Does this scenario sound at all like a city with a 5 billion dollar drill stuck in the ground, asking for voters to approve a tax increase so that bus service isn't cut?

Does it sound at all like a country that can't take care of its citizens because its too busy writing blank checks to to companies that turn around and hand it to their CEO, or the military which in turn hands it to civilian contractors?

See you later.  I'm the not-so-wealthy veterinarian on the Bianchi.  I am happy and damn lucky to have a beautiful family and own a home.  But I'm disappointed with some of the decisions of our elected leaders.

Sunday, February 9, 2014

Retrofitting a bike for metal fenders

The sliding bracket on my SKS fenders that always comes loose once again broke.  So rather than replace them I looked into having some eyelets added to the seatstay and chainstay of my old Bianchi Volpe, perpendicular to the tire.   It turns out that Garth at  haulincolin.com can do this quickly and for a very reasonable charge.
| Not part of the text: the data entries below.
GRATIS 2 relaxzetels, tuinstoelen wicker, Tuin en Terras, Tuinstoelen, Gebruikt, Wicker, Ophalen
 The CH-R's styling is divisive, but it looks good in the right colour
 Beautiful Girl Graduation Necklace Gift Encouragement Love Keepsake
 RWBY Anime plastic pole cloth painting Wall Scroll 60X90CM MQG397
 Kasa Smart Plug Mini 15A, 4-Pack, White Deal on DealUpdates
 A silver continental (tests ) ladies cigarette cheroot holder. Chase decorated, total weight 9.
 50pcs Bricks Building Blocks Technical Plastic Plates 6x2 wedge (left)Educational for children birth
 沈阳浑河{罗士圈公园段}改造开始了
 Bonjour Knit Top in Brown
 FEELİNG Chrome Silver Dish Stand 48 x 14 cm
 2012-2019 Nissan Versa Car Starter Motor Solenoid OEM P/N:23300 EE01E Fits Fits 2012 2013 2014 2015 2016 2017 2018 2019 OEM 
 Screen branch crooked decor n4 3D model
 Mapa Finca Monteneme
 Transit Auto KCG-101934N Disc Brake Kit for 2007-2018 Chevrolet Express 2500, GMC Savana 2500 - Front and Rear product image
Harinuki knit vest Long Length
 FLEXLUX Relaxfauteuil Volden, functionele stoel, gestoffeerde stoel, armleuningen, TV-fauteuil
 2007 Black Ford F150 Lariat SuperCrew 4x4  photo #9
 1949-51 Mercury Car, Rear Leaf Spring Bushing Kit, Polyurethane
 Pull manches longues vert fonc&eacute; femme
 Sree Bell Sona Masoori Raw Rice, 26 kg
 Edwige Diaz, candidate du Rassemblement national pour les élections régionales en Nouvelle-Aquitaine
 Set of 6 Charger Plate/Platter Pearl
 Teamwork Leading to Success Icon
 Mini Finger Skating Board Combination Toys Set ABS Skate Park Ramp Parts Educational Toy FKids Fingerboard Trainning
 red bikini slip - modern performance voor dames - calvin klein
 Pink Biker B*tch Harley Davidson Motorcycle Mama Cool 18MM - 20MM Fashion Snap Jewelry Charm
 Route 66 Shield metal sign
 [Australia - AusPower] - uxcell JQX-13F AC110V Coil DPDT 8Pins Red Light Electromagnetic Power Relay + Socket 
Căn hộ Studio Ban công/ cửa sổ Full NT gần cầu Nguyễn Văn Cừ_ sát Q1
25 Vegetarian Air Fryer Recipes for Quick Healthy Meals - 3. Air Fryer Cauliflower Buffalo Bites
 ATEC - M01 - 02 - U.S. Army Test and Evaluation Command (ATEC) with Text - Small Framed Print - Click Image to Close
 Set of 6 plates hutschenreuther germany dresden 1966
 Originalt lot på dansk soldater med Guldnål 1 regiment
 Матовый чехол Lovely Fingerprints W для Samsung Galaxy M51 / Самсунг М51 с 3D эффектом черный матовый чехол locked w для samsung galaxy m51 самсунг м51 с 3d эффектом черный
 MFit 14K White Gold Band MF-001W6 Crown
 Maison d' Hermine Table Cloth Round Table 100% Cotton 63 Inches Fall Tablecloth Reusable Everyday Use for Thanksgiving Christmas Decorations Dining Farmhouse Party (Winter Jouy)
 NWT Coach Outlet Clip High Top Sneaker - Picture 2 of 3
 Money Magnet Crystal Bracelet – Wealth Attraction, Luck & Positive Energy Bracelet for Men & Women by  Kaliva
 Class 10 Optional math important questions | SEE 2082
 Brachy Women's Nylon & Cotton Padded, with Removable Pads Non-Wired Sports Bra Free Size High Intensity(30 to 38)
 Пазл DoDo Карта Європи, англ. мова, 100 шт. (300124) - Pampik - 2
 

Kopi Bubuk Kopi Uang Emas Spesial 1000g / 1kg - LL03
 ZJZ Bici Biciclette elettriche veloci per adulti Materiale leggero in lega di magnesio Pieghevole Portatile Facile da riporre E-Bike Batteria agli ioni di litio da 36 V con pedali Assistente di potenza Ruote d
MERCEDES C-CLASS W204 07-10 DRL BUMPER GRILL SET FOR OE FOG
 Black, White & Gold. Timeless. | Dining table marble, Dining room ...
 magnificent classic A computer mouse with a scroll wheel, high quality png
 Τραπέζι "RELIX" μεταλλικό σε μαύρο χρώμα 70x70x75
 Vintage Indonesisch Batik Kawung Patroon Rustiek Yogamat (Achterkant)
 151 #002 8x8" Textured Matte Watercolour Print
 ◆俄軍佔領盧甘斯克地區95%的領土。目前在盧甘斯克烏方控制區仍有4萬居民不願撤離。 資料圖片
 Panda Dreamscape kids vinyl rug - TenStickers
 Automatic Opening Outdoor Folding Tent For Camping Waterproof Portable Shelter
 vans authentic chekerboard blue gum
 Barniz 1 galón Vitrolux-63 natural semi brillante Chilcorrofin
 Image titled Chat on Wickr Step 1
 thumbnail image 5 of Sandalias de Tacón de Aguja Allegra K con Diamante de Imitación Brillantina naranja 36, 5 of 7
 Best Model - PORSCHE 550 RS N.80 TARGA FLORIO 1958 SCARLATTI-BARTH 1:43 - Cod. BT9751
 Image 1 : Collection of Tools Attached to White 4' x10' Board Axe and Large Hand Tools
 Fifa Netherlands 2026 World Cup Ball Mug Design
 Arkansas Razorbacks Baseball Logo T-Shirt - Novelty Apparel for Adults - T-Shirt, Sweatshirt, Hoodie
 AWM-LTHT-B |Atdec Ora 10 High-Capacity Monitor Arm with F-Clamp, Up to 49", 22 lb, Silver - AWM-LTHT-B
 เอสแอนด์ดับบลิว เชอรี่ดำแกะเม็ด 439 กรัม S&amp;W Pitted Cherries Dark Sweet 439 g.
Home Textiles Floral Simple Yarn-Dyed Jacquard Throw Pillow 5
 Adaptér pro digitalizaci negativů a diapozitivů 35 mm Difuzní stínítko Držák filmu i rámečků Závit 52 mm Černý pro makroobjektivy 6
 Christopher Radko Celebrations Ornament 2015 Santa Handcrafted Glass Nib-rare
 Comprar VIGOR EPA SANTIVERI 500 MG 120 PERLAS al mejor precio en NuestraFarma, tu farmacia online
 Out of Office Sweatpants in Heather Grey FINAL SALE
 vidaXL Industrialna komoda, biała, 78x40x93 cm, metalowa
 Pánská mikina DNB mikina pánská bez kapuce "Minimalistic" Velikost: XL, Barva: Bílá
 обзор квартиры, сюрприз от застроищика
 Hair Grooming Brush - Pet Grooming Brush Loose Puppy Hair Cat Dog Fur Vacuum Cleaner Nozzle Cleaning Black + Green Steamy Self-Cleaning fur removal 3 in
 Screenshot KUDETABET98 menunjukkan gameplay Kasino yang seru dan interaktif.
I had them add an eyelet to the Surly front rack and place a star nut in the fork steerer for the front fender too.  I went with stainless Berthoud fenders.  Somewhat heavier than alloy fenders but less expensive and this is already a heavy bike (the Surly front rack with its hardware weighs more than some racing frames out there).  The fenders went on easily, look really nice, and keep water off the feet a lot better than the SKS fenders due to not having a bracket on the underside of the fender and a rolled edge.  And being attached directly to eyelets, they should not loosen or break like SKS fenders tend to.

This is an easy and worthwhile project if you have a frame that you like and that has seatstay and chainstay bridges, just not with the right holes....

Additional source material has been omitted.